Miskatonic University Press

Canadian library statistics visualized with R and Google Motion Charts

r librarystats

Here's an example of using the googleVis package for R, which makes it easy to use the Google Visualization API.

(If you're reading this through an RSS feed and don't see an interactive chart below, come see the full blog post. You'll want to play with it.)

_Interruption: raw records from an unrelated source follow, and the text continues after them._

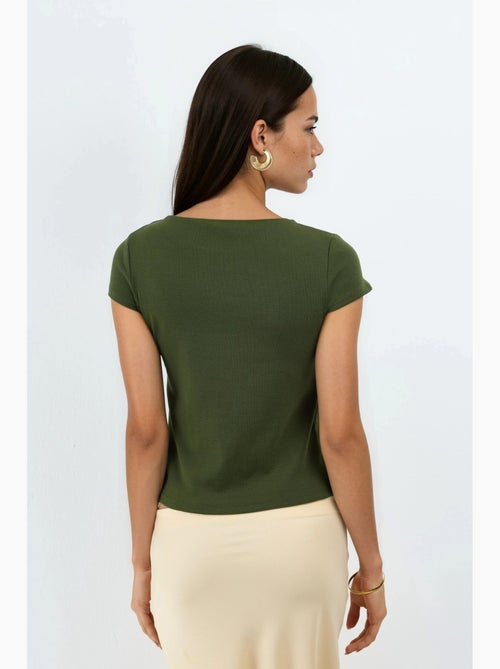 Blusa in misto cotone con girocollo e maniche corte busem - Kiabi Blusa in misto cotone con girocollo e maniche corte busem - Kiabi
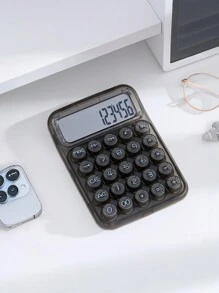 1pc Transparent Dopamine Molecule Calculator, High-End Fashion, Mechanical Keyboard Circular Buttons, 12-Digit Desktop Calculator, Suitable For Students And Office Use,School Supplies,Back To School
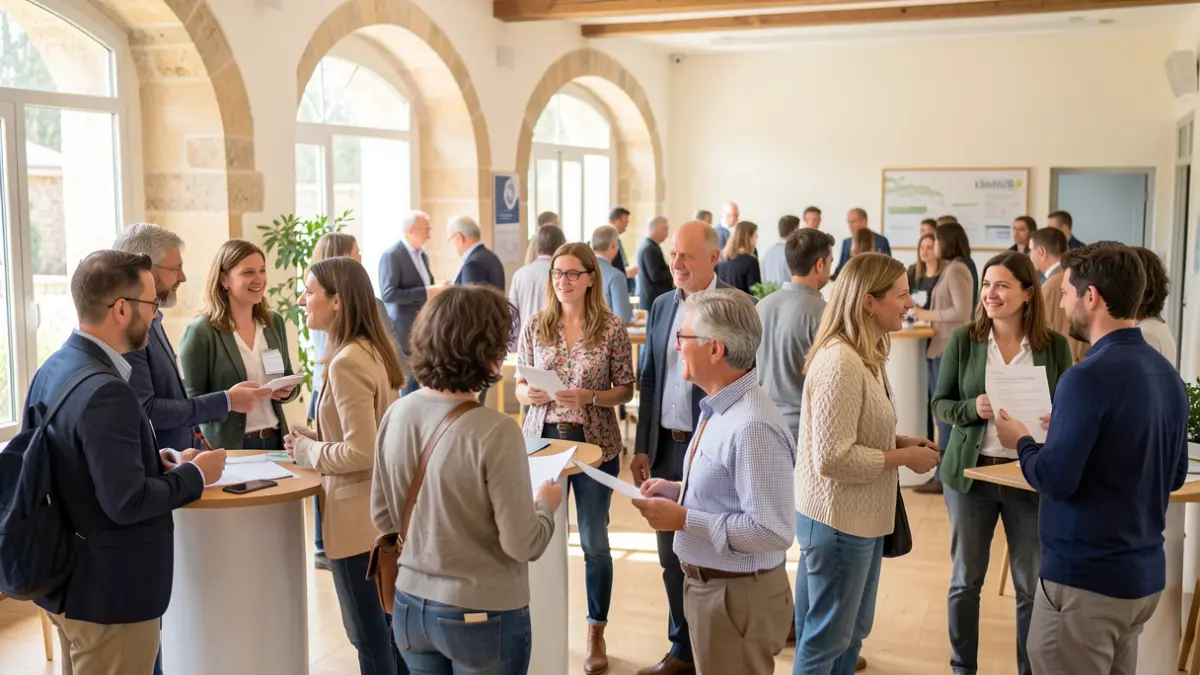 Generic image of a job insertion forum with participants and recruiters exchanging information in a bright space.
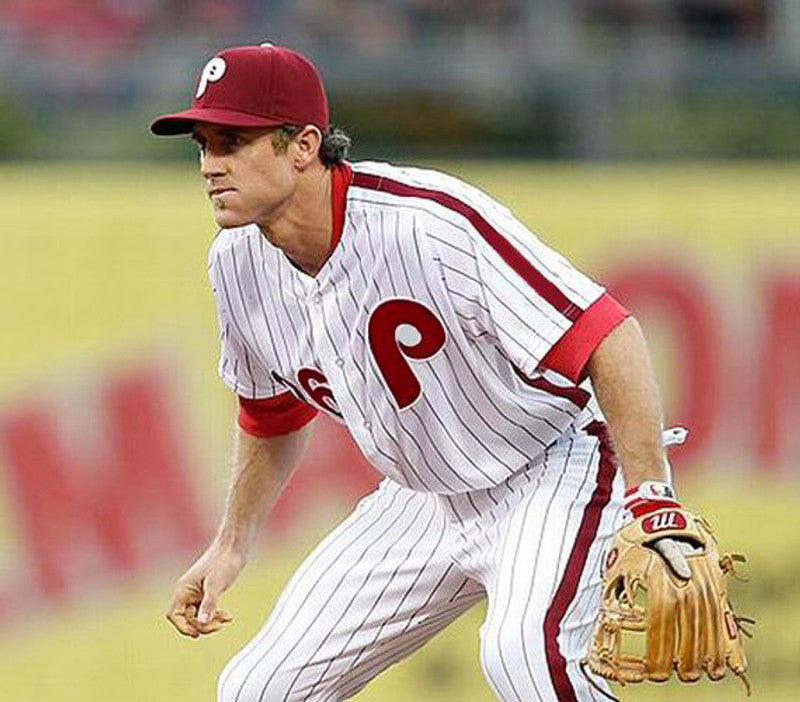 Philadelphia Phillies Chase Utley 1980s Cooperstown MLB jersey front view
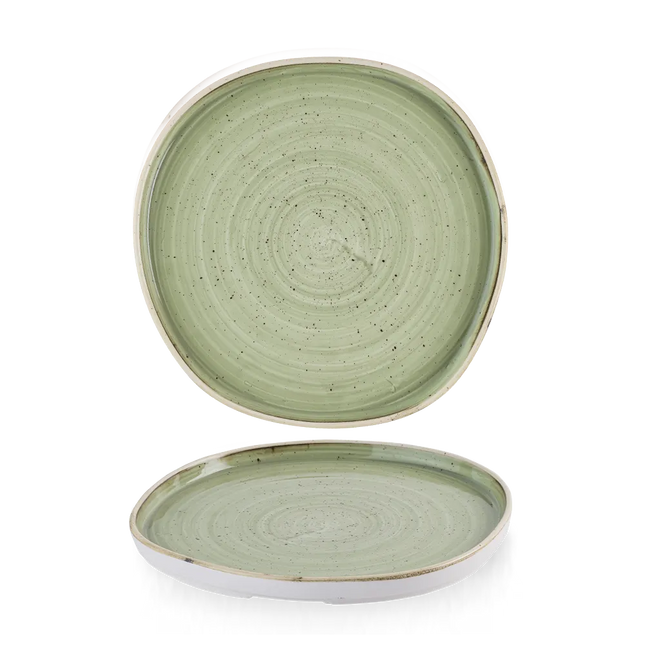 Churchill Stonecast Sage Green organisch bord met rand Ø 25,5 cm – groot salie groen bord voor restaurants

I already had some cleaned-up Association of Research Library statistics sitting around in arl-1989-2009.csv, and then all it took was this in R (and setting up canada.toplot could have been done in one line):

> install.packages('googleVis')
> arl <- read.csv("http://www.miskatonic.org/files/arl-1989-2009.csv")
> canada <- subset(arl, REGION == 10)
> canada.toplot <- canada[, c(1, 3, 39, 41, 42, 44, 55, 57, 66, 67, 70)]
> M <- gvisMotionChart(canada.toplot, idvar="INAM", timevar="YEAR")
> plot(M) # to plot it locally
> cat (M$html$chart, file="chart.html") # so I could include it here

The variable names are what the ARL uses. They are:

  • TOTCIRC = total circulation
  • PRFSTF = number of professional staff
  • NPRFSTF = number of non-professional staff
  • TOTSTF = total staff
  • TOTSAL = total salaries
  • TOTEXP = total expenditures
  • TOTSTU = total number of students
  • GRADSTU = number of graduate students
  • FAC = number of faculty

Try starting off with TOTSTU against FAC or TOTSTU against TOTCIRC, There are lots of other variables that could be plotted but to keep it manageable I just picked out some I thought would be interesting. Try turning on the log view and seeing how that changes things.

(It's funny how Library and Achives Canada jumps in at the end out of nowhere with a very large number of staff. Did they just recently join the ARL? Is my data wrong?)